While the agenda was comprehensive – encompassing wide-ranging efforts by government and communities to prevent the spread of disease, promote good health and well-being, and prolong productive life – environmental health hazards figured prominently.
Keynote speaker Dr. Philip J. Landrigan '63, Dean for Global Health at the Icahn School of Medicine at Mount Sinai, reviewed past triumphs in public health, from global eradication of small pox to reductions in infant mortality, cardiovascular disease, and coronary heart disease deaths. He noted that environmental policies had contributed to significant victories. For example, lead has now been removed from gasoline in 150 countries; its phase out in U.S. gasoline produced a 90% reduction in U.S. childhood lead poisoning.
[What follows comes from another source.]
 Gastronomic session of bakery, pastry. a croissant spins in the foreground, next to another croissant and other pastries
Still, many of today’s public health challenges have environmental origins. Increases in asthma, for example, are linked to toxicity and overall air quality; neurodevelopmental disorders, to a host of ubiquitous toxic chemicals. In fact, Landrigan argues that the environment is a powerful determinant of health and disease, especially for children. Chronic diseases – asthma, cancer, birth defects, neurodevelopmental disorders, and obesity – are the principal causes of illness, hospitalization, and death among American children today. Yet, the incidence of chronic diseases in children is rising despite growing evidence of the contributory role of toxic chemicals in the environment.
Global climate change exacerbates environmental impacts, leading to deteriorating air quality, rising sea levels, and societal disruptions from famines, floods, droughts, and other extreme weather events.
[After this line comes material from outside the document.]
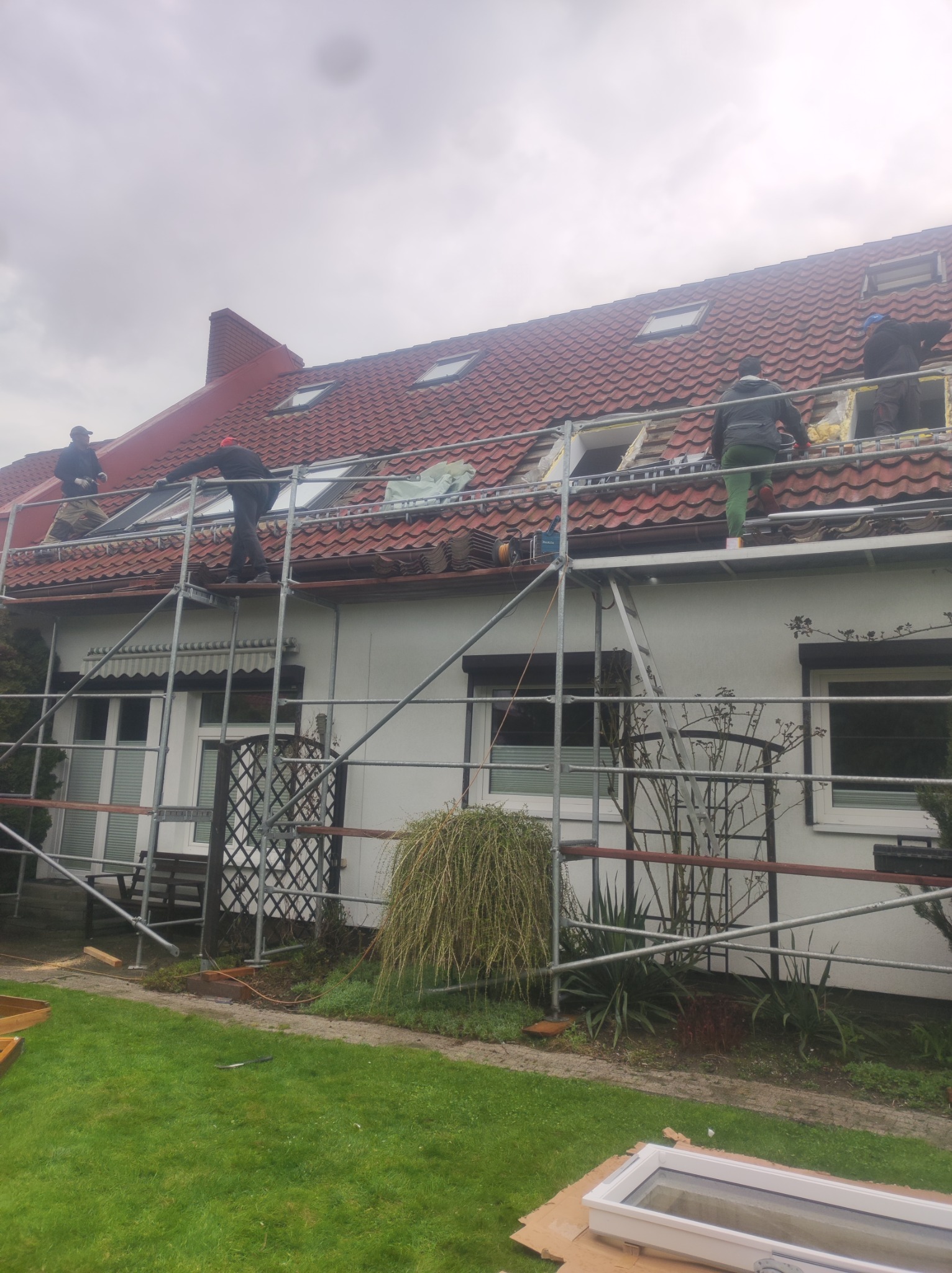 Ekipa dekarzy z Raciborza na rusztowaniu podczas montażu okien dachowych w trakcie prac na dachu pokrytym czerwoną dachówką.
Landrigan argued that Jesuit universities, with their philosophy of social justice and concern for the poor and dispossessed, have a special role to play in advancing public health – a role that harkens back to at least the 17th century. Then, Jesuit Cardinal Juan de Lugo led the fight against malaria in Europe, applying knowledge learned from Peruvian natives. [He distributed cinchona bark (which contained quinine) to malaria sufferers in Rome free of charge.] Landrigan summoned BC to build on its Jesuit heritage and strong interdisciplinary science programs to become a distinctive international and national leader in global public health.
As the BC faculty presentations demonstrated, many BC professors are already leading research and scholarship initiatives with significant future implications for global public health. Physics Professor Mike Naughton, for example, is researching nanotechnology-enabled disease biomarker detection to overcome limitations on electrochemical sensing for high and low resource environments. Biology Professor Welkin Johnson is studying viruses, concerned that the list of viruses has grown as a result of numerous factors, including climate changes.
[Editor’s note: Dr. Philip J. Landrigan '63, M.D., M.Sc., is Dean for Global Health, Ethel H. Wise Professor, and Chair of Preventive Medicine at the Icahn School of Medicine at Mount Sinai and Director of the Children’s Environmental Health Center at The Mount Sinai Hospital.]